SUNDAY, 11 DECEMBER 2011 18:05 RIZAL RAOUL REYES / REPORTER
In an e-mail interview with the BusinessMirror, Victor Asuncion, executive director of CB Richard Ellis (CBRE) Philippines, said affordable will continue to be appealing to a wider segment of buyers which will entice more developers to join the market specifically in the affordable residential condominium segment.
“The primary driver of the affordable housing segment is the growing middle class, particularly those employed by sunshine industries such as telecoms, food and real estate as well as the overseas Filipino workers (OFW) population,” said Asuncion.
According to government statistics, there are around 8 million to 11 million overseas workers deployed in more than 50 countries. Furthermore, the Philippine Overseas Employment Administration reported that total remittances by OFWs are likely to exceed the P20.1-billion target set for 2011. From January to September this year, total remittances were already recorded at P14.76 billion.
Asuncion also pointed out many developers realize the potential of the affordable housing segment that entices new players to come in. “However, it will make the market highly competitive and we have to separate the men from the boys in the conduct of real-estate development,” said Asuncion.
Asuncion added that the affordable or middle market segment is already well defined. For instance, he said Ayala Land Inc. unit Amaia is focused to serving the horizontal market with its project in Calamba, Laguna for people who want to live in the suburbs.
“If you want affordable housing, you can have this but it will be outside Metro Manila. An example will be the Amaia housing project of Ayala Land in Calamba which is about 50 kilometers away from the Makati central business district. However, if you want affordable vertical condominiums, then you can choose among the projects of Amaia Land which is also into affordable condominium development. DMCI Homes, Phinma Properties and New San Jose Builders [have projects that] are still within Metro Manila but only in peripheral areas,” said Asuncion.

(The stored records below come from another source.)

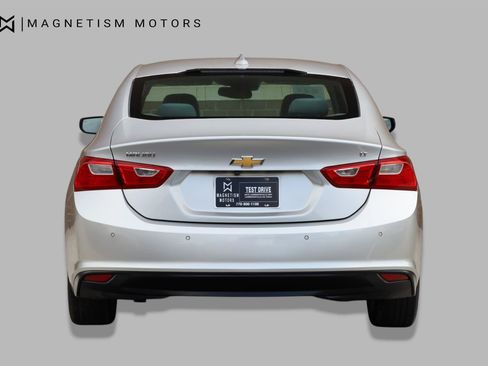 Used 2018 Chevrolet Malibu LT w/ Driver Confidence Package FWD image 8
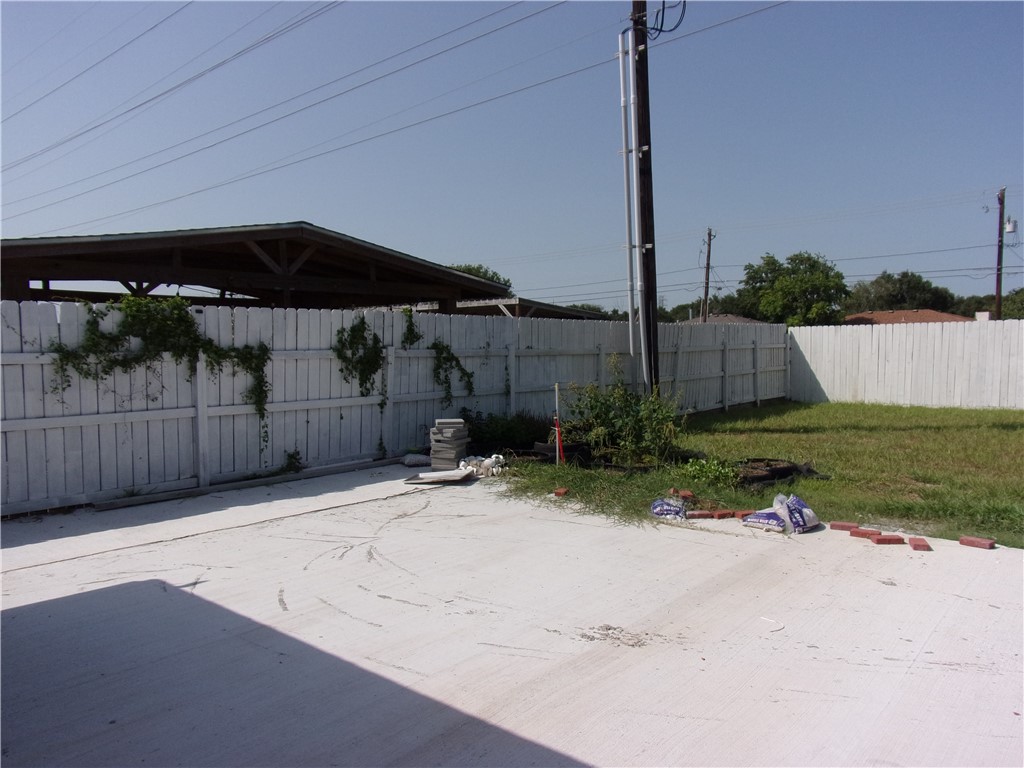 6718 Riding Wind Dr Property Photo 30
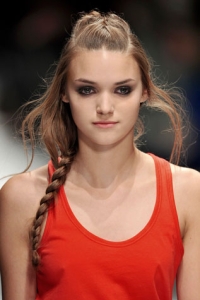 популярные укладки для длинных волос популярные укладки для длинных волос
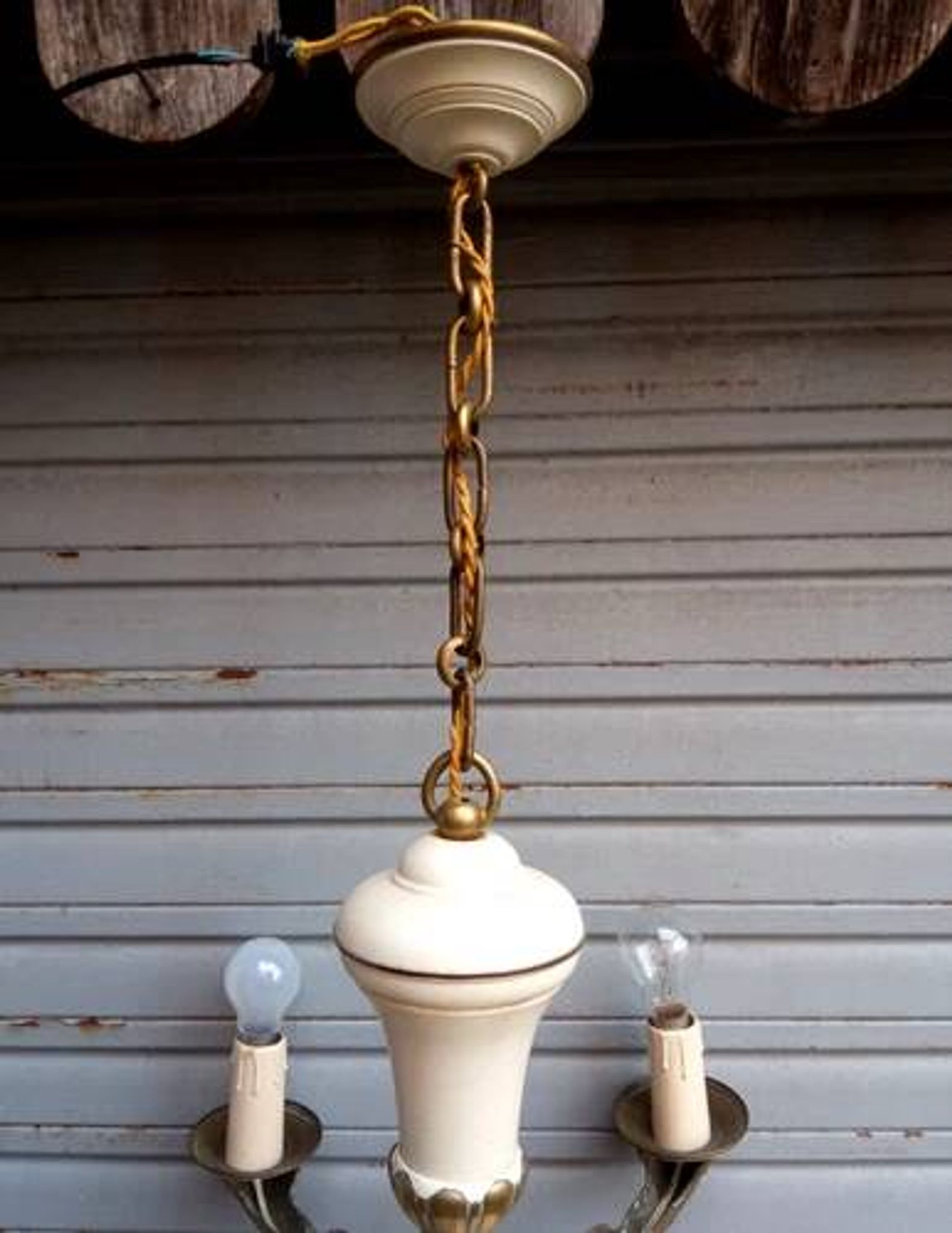 Rare chandelier with 5 lights in bronze and lacquered brass - Circa 1940 - in working condition.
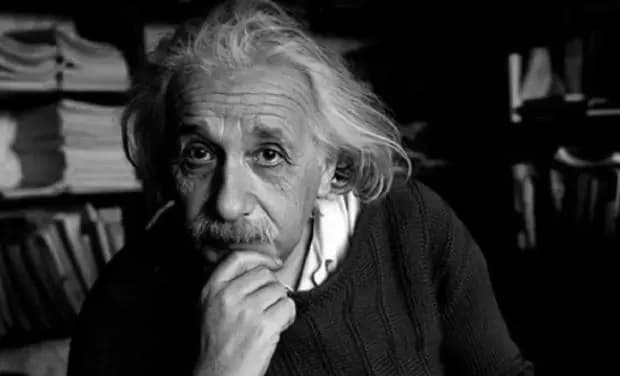 Albert Einstein Prediksi Kehancuran Israel, 2 Tahun sebelum Rezim Zionis Berdiri Albert Einstein Prediksi Kehancuran Israel, 2 Tahun sebelum Rezim Zionis Berdiri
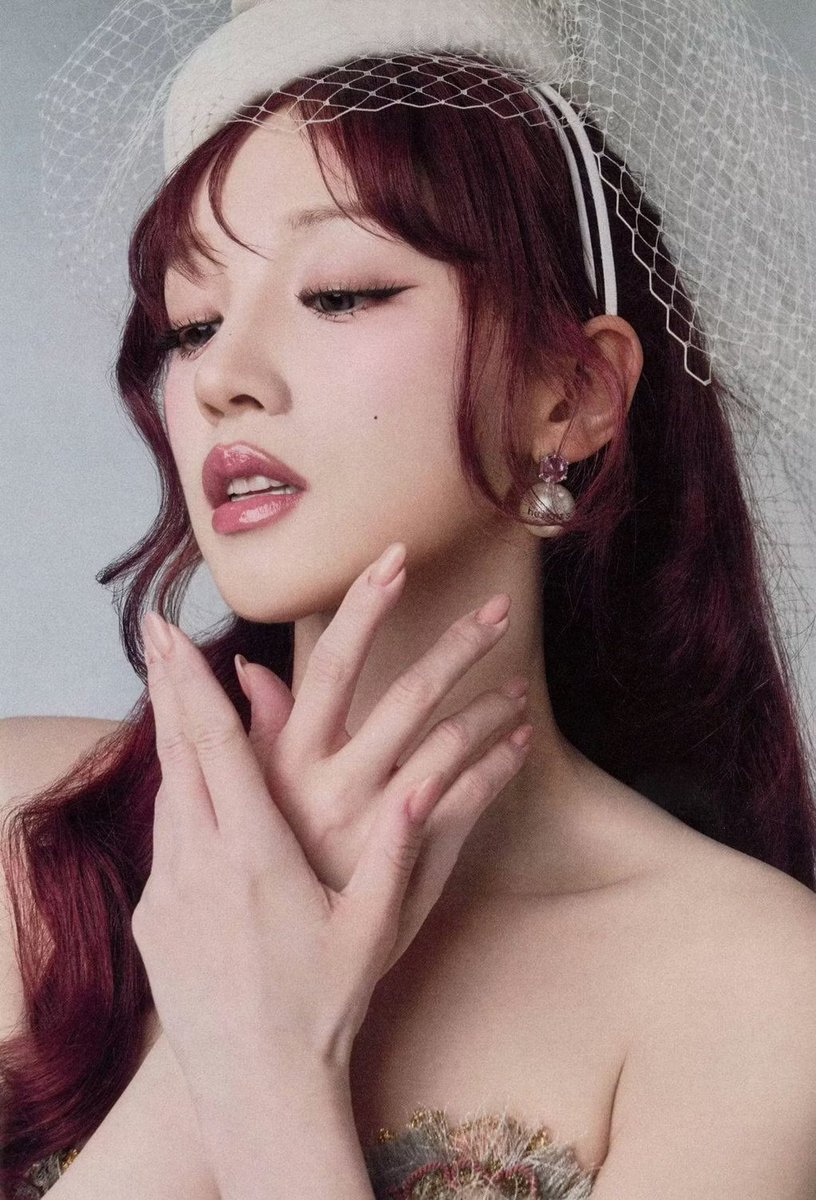 syqfiles's tweet photo. yuqi for paper magazine https://t.co/fcrCaKjGGi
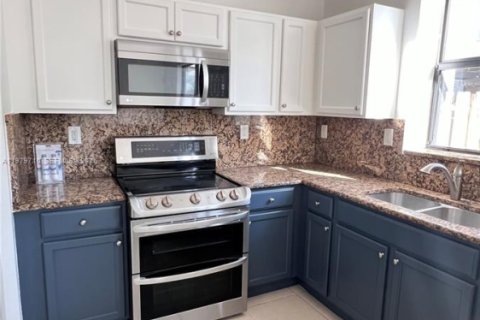 Купить таунхаус в Хомстед, Флорида 4 спальни, 161.28м2, № 2045367 - фото 21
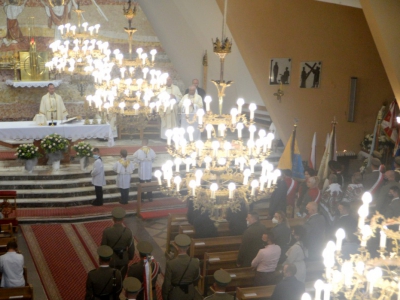 Żołnierze Straży Granicznej podczas przemarszu przez Kościół.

Meanwhile, Asuncion said he vacancy rate is expected to be at a single-digit low given that there are limited new spaces ready for occupancy for business process outsourcing (BPO) tenants.
He added the rates hikes will be on a case-to-case basis, depending on the business district location, although vacancy rates will remain low given the lack of new supply.
Asuncion said additional supply is yet to be added in the second quarter upon the completion of the P7-billion, 33-story Zuellig Building.
He expects the completion of Zuellig Building will trigger flight to quality given that existing Prime Grade A office in Makati City are at least 10 years old.
“Given historical take in these business districts and the availability of ready for occupancy space, growth in BPO space development in these areas will be robust in 2012. BPO buildings within the three business districts have high precommitments; new buildings are already at almost full occupancy even before turnover,” said Asuncion.
Meanwhile, Asuncion said leasing for Grade A and luxury residential condominiums will remain healthy since demand remains healthy due to the expansion in the BPO sector.